Reproduce the listing below in full and without alteration, apart from its pictures.

◆ Given data
^^^^

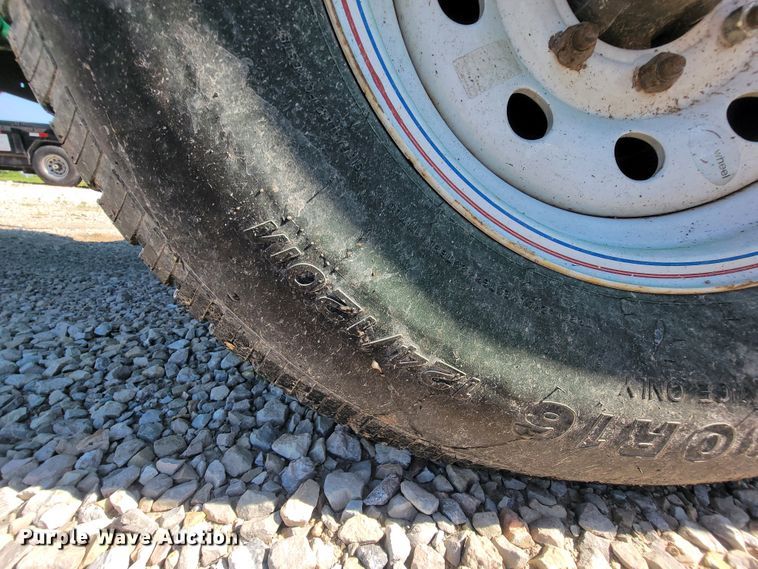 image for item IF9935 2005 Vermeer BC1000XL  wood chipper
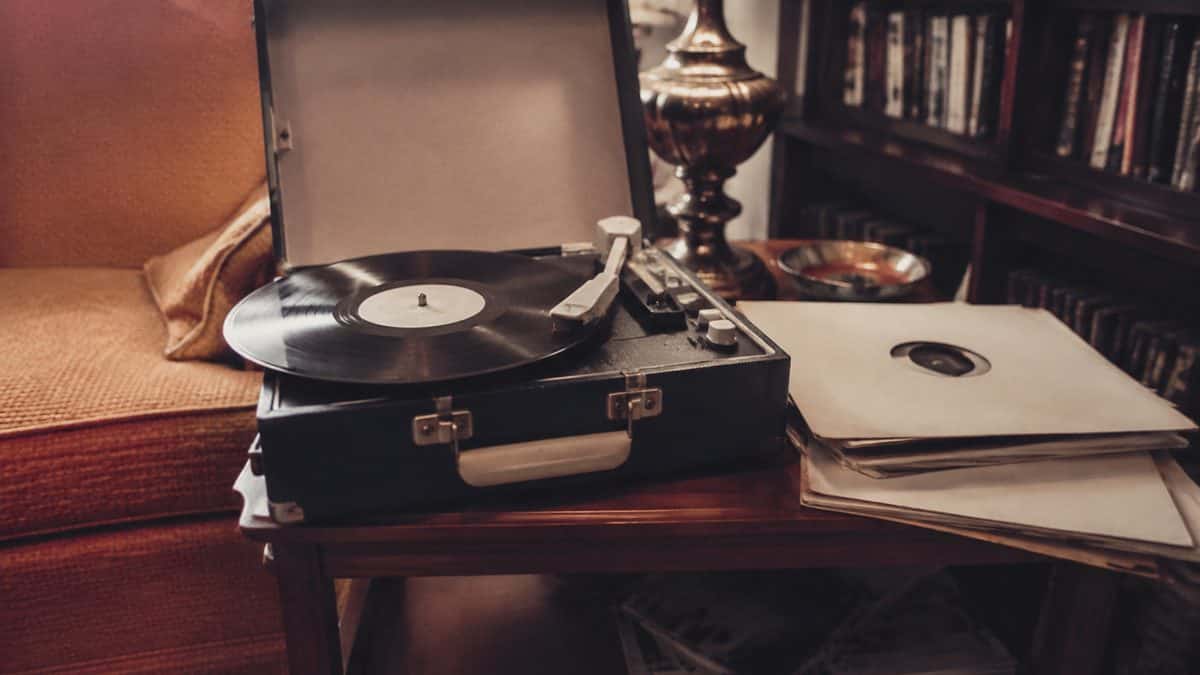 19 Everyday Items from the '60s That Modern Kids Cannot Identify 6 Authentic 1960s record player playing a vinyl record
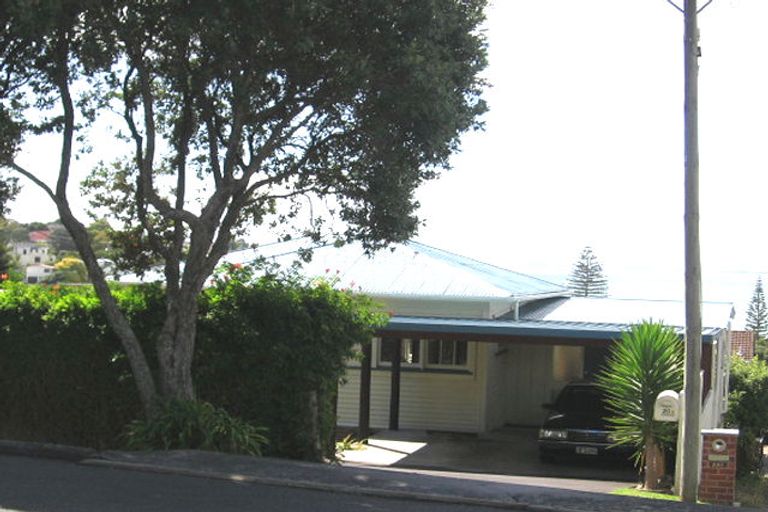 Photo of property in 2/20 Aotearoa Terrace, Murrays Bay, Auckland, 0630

^^^^

◆ Solution for this problem
 image for item IF9935 2005 Vermeer BC1000XL  wood chipper
 19 Everyday Items from the '60s That Modern Kids Cannot Identify 6 Authentic 1960s record player playing a vinyl record
 Photo of property in 2/20 Aotearoa Terrace, Murrays Bay, Auckland, 0630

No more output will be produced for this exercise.